Synthetic microdata:  A threat to knowledge.  Each week at City Observatory, we usually profile an interesting or provocative research study.  This week, we’re spending a minute to highlight a potential threat to a key source of data that helps us better understand our world, and especially the nation’s cities: the public use microsample of the American Community Survey (ACS).  The ACS is the nation’s largest and most valuable source of data on population, housing, social and economic characteristics.  While the Census Bureau produces many tabulations of these data, its impossible to slice and dice data in a way that bears on every question.  So Census Bureau makes available what is called a “public use microsample” which allows researchers to craft their own customized tabulations of these data to answer specific questions.  At City Observatory, for example, we’ve used these data to estimate the income, race and ethnicity of peak hour drive alone suburban commuters traveling from suburban Washington State to jobs in Oregon–a question that would be essentially impossible to answer from either published Census tabulations or other publicly available data.

Microdata are valuable because they link answers to different ACS questions–linking a persons age, gender or race to their income, occupation or housing type, and on.  But because the microdata are individual survey responses, some are concerned that there’s a potential violation of privacy:  that someone could use answers to a series of questions to deduce the identity of an individual survey respondent.  While that may technically be a possibility, there’s no evidence it occurs in practice.  Still, Census Bureau is hypersensitive about privacy concerns, and has proposed replacing actual microdata with “synthetic” microdata, in order to make it even more difficult to identify an individual.  Essentially, synthetic data would replace actual patterns of responses with statistically modeled responses.  The trouble is, this modeled, synthetic data actually subtracts information, and makes it impossible for researchers to know whether the answers to any particular question are a product of actual variation, or just a quirk of Census Bureau’s model.  As University of Minnesota data expert Stephen Ruggles puts it, “synthetic data will be useless for research.”

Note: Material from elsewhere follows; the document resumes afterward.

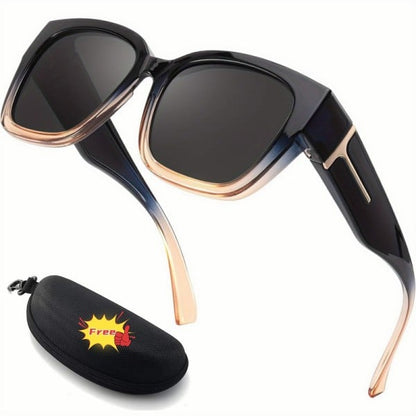 🕶️ Fit-Over Polarized Sunglasses for Women – Wear Over Prescription Glasses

The privacy threat from ACS microdata is a phantom menace.  Ruggles and a colleague at the University of Minnesota have just published a paper showing that attempting to use Census microdata to create individually identifiable records via database reconstruction would produce vastly more random (i.e. false) matches that real ones.   This undercuts the idea that microdata is an actual threat to privacy.

But a proposal to replace PUMS data with synthetic data is a real threat to our ability to better understand our world.  It is like requiring piano players to wear mittens when playing Beethoven sonatas:  the piano will still produce sound, but the result will be noise, not music.

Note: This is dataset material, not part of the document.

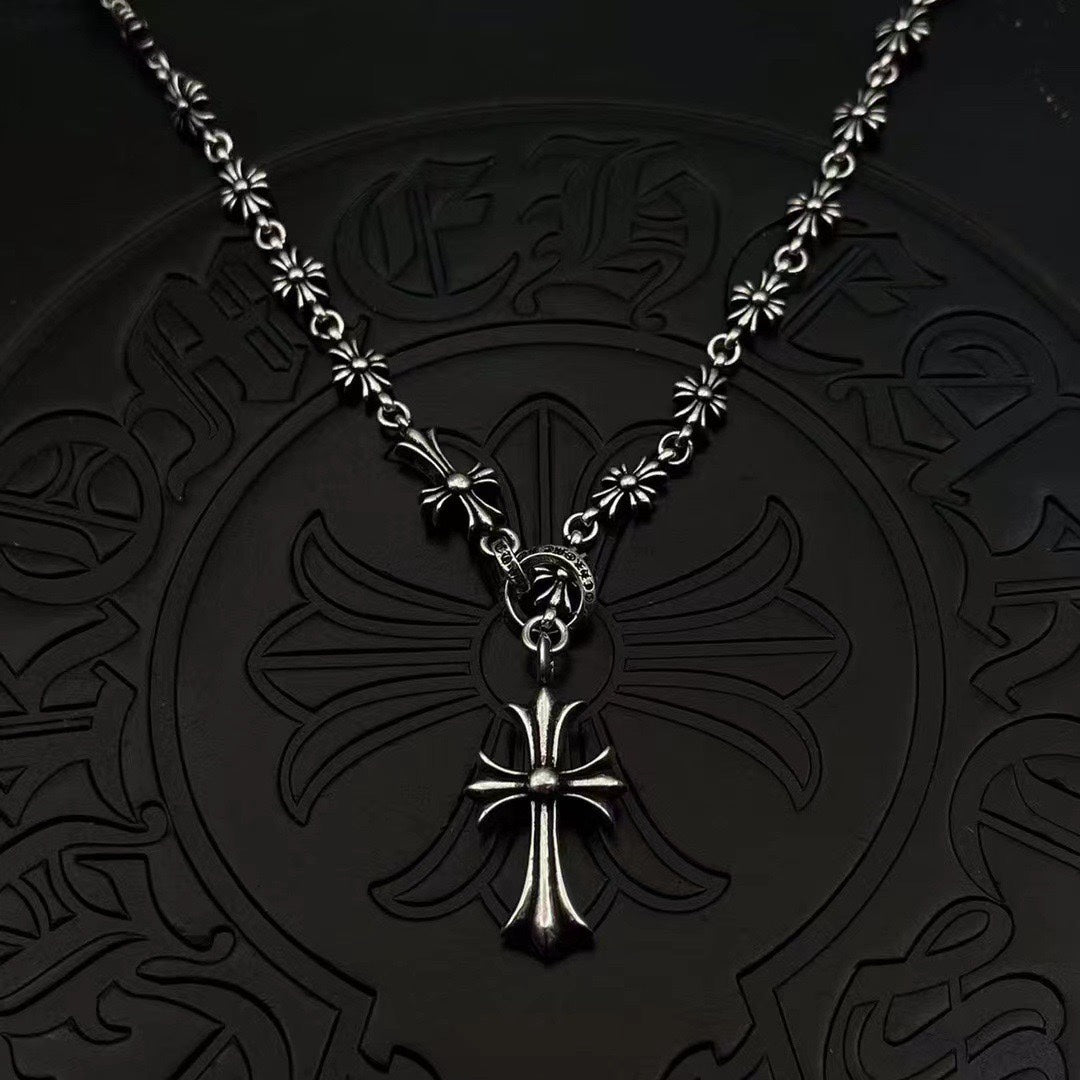 Martin Graham pendant necklace in polished metal-tone – main product view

Mike Schneider, Census Bureau’s use of ‘synthetic data’ worries researchers,  Some researchers are up in arms about a U.S. Census Bureau proposal to add privacy protections by manipulating numbers in the data most widely used for economic and demographic research, ABC News, May 27, 2021

Steven Ruggles and David VAn Piper, “The Role of Chance in the Census Bureau Database Reconstruction Experiment,” University of Minnesota, May 2021 Working Paper No. 2021-01 DOI: https://doi.org/10.18128/MPC2021-01

In the News

Bloomberg Business Week quoted City Observatory’s Joe Cortright in its article examining the Biden Administration’s housing policy.

Oregon Public Broadcasting cited Joe Cortright’s analysis of road pricing in its story on highway expansion and tolling legislation currently being considered by the Oregon Legislature.